Microorganisms 2025, 13(2), 327; https://doi.org/10.3390/microorganisms13020327
Submission received: 26 December 2024
/
Revised: 27 January 2025
/
Accepted: 29 January 2025
/
Published: 2 February 2025
(This article belongs to the Section Microbiomes)
Abstract
:The oral microbiome is a complex community that matures with dental development and is recognized as a risk factor for systemic disease. Despite the oral cavity having a substantial microbial burden, healing of superficial oral wounds occurs quickly and with little scarring. By contrast, creation of an oro-nasal fistula (ONF), often occurring after surgery to correct a cleft palate, is a significant wound healing challenge. Methods: In this study, we characterized the changes in the oral microbiome of mice following a freshly inflicted wound in the oral palate that results in an open and unhealed ONF. Results: Creation of an ONF in mice significantly lowered oral microbiome alpha diversity, with concurrent blooms of Enterococcus faecalis, Staphylococcus lentus, and Staphylococcus xylosus in the oral cavity. Treatment with oral antibiotics one week before ONF infliction reduced microbiome alpha diversity and prevented E. faecalis, S. lentus, and S. xylosus blooms, but did not impact ONF healing. Conclusions: An ONF in the murine palate leads to a dysbiotic oral microbiome and a bloom of opportunistic pathogens that may prevent ONF healing. Delivery of therapeutics that accelerate ONF healing might restore oral microbiome diversity and inhibit blooms of opportunistic pathogens.
1. Introduction
The oral cavity has the second most diverse microbiota after the gut, with the community structure totaling over 700 species of bacteria. The oral microbiome is crucial in maintaining oral, as well as systemic, health. Initial colonizers immediately after birth include mainly aerobes such as Streptococcus, Lactobacillus, Actinomyces, Neisseria and Veillonella.
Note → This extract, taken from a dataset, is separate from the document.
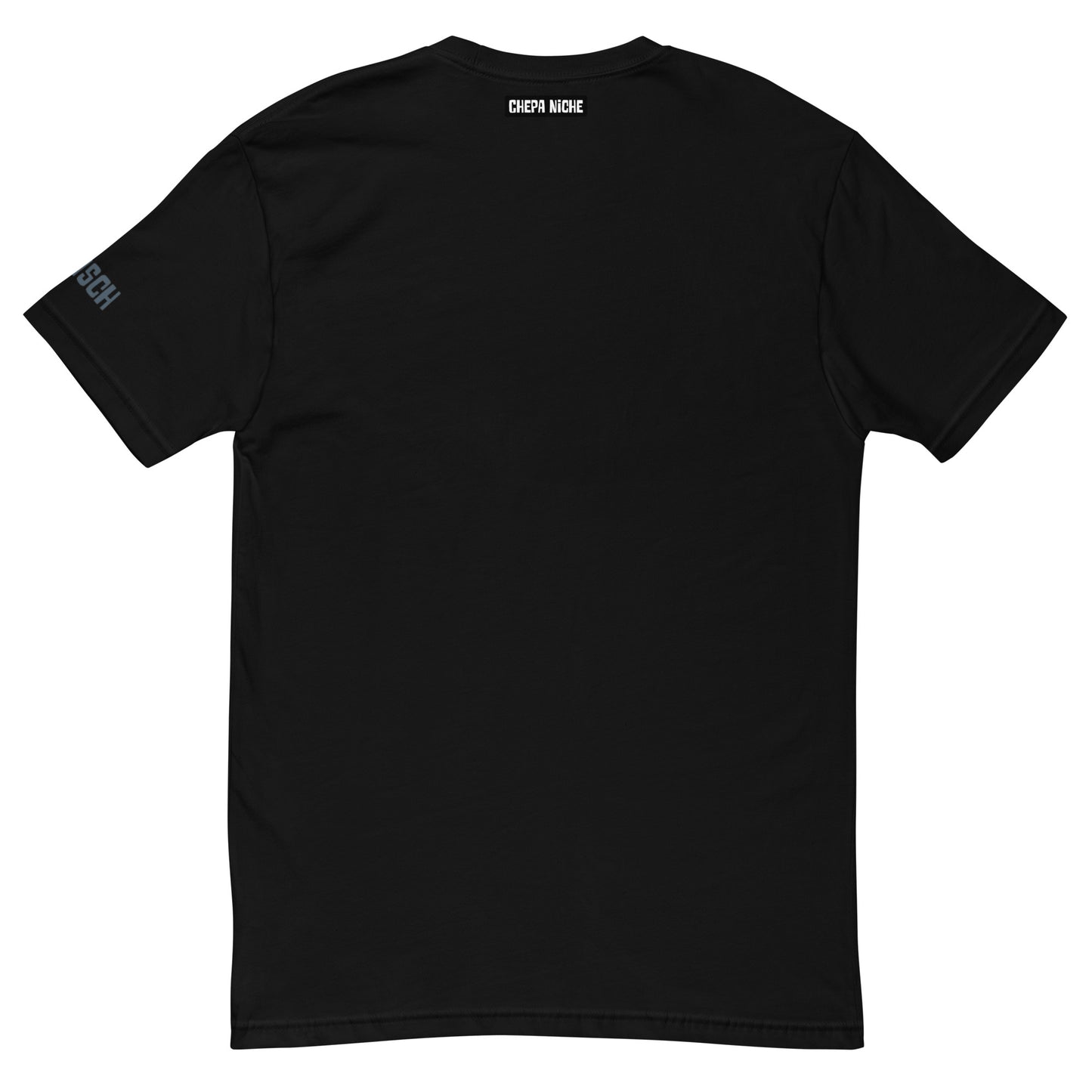 Niche Classic Mens Tee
Thereafter, following tooth eruption with plaque accumulation and the development of gingival crevices, wider species diversity and microbial succession occurs within the oral cavity until microbes from the phyla Firmicutes, Proteobacteria, Bacteroidetes, Actinobacteria, Fusobacteria, and Neisseria predominately inhabit the oral cavity [1,2,3,4]. However, less is known about the oral microbiome in relation to large oral mucosal injury as would occur following cleft palate corrective surgery, although a recent report on the oral microbiome of children with cleft lip and palate revealed associations of certain microbial taxa with the extent of wound inflammation [5]. After oral surgeries such as cleft palate repair, antibiotics are often given prophylactically, but it remains unknown whether antibiotics impact wound healing or microbiome composition after the procedure. Pre-operative assessment of oral surgery patients does not routinely perform surveillance on the oral microbial composition or mitigation of associated periodontal disease despite the association of microbiome dysbiosis with poor wound healing [6].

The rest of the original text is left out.